» Excerpts from a dataset:
+ + +

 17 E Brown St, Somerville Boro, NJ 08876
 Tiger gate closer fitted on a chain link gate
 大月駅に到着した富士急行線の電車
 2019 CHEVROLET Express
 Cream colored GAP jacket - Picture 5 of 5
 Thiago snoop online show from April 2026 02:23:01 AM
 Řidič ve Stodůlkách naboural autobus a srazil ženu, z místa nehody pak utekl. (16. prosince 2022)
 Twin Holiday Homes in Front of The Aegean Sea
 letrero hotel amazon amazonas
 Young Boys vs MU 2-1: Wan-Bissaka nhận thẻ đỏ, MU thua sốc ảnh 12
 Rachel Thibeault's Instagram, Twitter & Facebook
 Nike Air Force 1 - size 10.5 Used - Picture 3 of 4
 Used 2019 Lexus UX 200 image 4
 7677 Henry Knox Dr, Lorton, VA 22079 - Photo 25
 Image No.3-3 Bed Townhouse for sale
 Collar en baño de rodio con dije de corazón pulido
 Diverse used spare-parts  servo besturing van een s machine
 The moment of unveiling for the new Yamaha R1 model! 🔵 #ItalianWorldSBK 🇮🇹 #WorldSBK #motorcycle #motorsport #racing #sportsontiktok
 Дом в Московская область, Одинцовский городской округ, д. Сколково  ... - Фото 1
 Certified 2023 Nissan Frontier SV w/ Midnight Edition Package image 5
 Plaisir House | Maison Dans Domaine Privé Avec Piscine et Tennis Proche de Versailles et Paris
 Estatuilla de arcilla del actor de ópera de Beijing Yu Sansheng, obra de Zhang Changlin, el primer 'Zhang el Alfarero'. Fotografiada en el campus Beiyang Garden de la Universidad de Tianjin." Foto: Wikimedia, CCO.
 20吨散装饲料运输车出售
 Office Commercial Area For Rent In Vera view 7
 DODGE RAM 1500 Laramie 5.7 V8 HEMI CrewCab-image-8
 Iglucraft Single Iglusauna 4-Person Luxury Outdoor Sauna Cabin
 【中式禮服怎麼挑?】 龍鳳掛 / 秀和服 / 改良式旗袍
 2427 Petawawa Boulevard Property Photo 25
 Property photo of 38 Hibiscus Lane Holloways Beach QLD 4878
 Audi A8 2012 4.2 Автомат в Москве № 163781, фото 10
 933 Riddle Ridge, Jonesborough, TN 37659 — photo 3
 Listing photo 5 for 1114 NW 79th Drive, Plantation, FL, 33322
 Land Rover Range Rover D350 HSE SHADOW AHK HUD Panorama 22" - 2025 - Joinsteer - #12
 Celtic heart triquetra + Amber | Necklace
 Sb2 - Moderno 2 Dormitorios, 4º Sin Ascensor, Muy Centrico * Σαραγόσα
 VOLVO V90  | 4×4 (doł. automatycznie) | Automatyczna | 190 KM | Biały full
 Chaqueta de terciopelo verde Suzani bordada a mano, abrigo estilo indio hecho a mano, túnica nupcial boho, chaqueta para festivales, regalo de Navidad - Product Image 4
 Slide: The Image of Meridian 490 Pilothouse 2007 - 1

+ + +

» What you have to do:
Your answer must be the lines above from the one containing "letrero hotel amazon amazonas" to the one containing "Celtic heart triquetra + Amber | Necklace", both included, restated word for word.

» Reply:
 letrero hotel amazon amazonas
 Young Boys vs MU 2-1: Wan-Bissaka nhận thẻ đỏ, MU thua sốc ảnh 12
 Rachel Thibeault's Instagram, Twitter & Facebook
 Nike Air Force 1 - size 10.5 Used - Picture 3 of 4
 Used 2019 Lexus UX 200 image 4
 7677 Henry Knox Dr, Lorton, VA 22079 - Photo 25
 Image No.3-3 Bed Townhouse for sale
 Collar en baño de rodio con dije de corazón pulido
 Diverse used spare-parts  servo besturing van een s machine
 The moment of unveiling for the new Yamaha R1 model! 🔵 #ItalianWorldSBK 🇮🇹 #WorldSBK #motorcycle #motorsport #racing #sportsontiktok
 Дом в Московская область, Одинцовский городской округ, д. Сколково  ... - Фото 1
 Certified 2023 Nissan Frontier SV w/ Midnight Edition Package image 5
 Plaisir House | Maison Dans Domaine Privé Avec Piscine et Tennis Proche de Versailles et Paris
 Estatuilla de arcilla del actor de ópera de Beijing Yu Sansheng, obra de Zhang Changlin, el primer 'Zhang el Alfarero'. Fotografiada en el campus Beiyang Garden de la Universidad de Tianjin." Foto: Wikimedia, CCO.
 20吨散装饲料运输车出售
 Office Commercial Area For Rent In Vera view 7
 DODGE RAM 1500 Laramie 5.7 V8 HEMI CrewCab-image-8
 Iglucraft Single Iglusauna 4-Person Luxury Outdoor Sauna Cabin
 【中式禮服怎麼挑?】 龍鳳掛 / 秀和服 / 改良式旗袍
 2427 Petawawa Boulevard Property Photo 25
 Property photo of 38 Hibiscus Lane Holloways Beach QLD 4878
 Audi A8 2012 4.2 Автомат в Москве № 163781, фото 10
 933 Riddle Ridge, Jonesborough, TN 37659 — photo 3
 Listing photo 5 for 1114 NW 79th Drive, Plantation, FL, 33322
 Land Rover Range Rover D350 HSE SHADOW AHK HUD Panorama 22" - 2025 - Joinsteer - #12
 Celtic heart triquetra + Amber | Necklace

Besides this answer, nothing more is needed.